I found this while looking for some primary sources online and found it quite stimulating-
http://www.iaa.bham.ac.uk/research/fieldwork_research_themes/projects/logistics/Manzikert/Index.htm
Medieval Warfare on the Grid
JISC EPSRC AHRC E-Science Programme
Principal Investigators
Professor Vincent Gaffney and Dr Georgios Theodoropoulos
4 Year Bursary available
Professor Vincent Gaffney (IAA) and Dr Georgios Theodoropoulos (Comp. Sci.) have received a major E-science project grant of 447,000. The project, entitled "Warfare on the GRID", will use the new University "Large Cluster" to explore the military logistical context of the Battle of Manzikert in 1071. Manzikert is a key historic event in Byzantine history. The defeat of the Byzantine army by the Seljuk Turks, and the following civil war, resulted in the collapse of Byzantine power in central Anatolia. An event that was so traumatic that it became known as 'The dreadful day'. Given the key position this event takes within the collapse of Byzantine power, the lack of consensus between historians on the numbers of men involved at, or even the route taken by the Byzantine Army to, Manzikert is profound. This project builds on work initiated by Professors Gaffney and Haldon through the Birmingham/Princeton Medieval Logistics Group, and seeks to address the problems associated with early military logistics through a distributed GRID analysis using an agent-based model. The results will have significant implications for study of pre-industrial societies in methodological and theoretical terms and will benefit academics with an interest in comparative military history, the cultural role of military organisation and the relationship of historical and modelled data. This project will be funded over 4 years and includes an open 4 year PhD bursary for a historic researcher to be trained in the application of GRID technologies used as part of the project. Further Information on applications to follow.

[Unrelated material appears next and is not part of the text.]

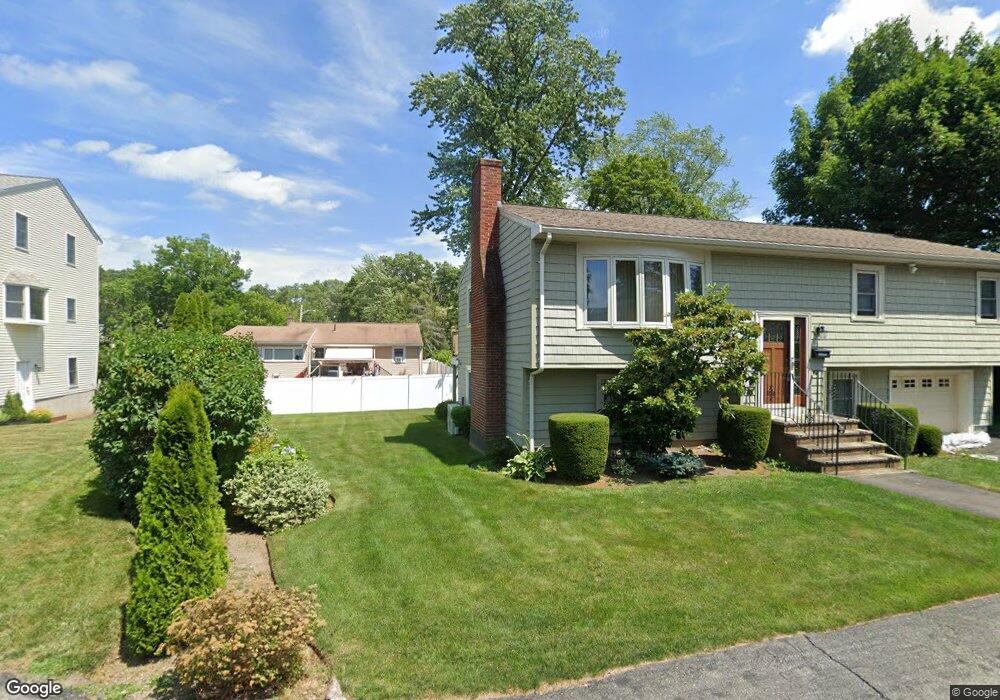 7 Fay Ct, Saugus, MA 01906 - photo 1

Assumed route of the Byzantine army to Manzikert
Management Committee
Professor John Haldon, Professor of Byzantine History, Princeton
Dr Lutgarde Vandeput, Director, British Institute in Ankara
Dr Warren Eastwood, Geography and Environmental Science, Birmingham
Dr Robert Fletcher, White Rose Grid and York
Professor Steve Turner, Nanyang Technological University, Singapore.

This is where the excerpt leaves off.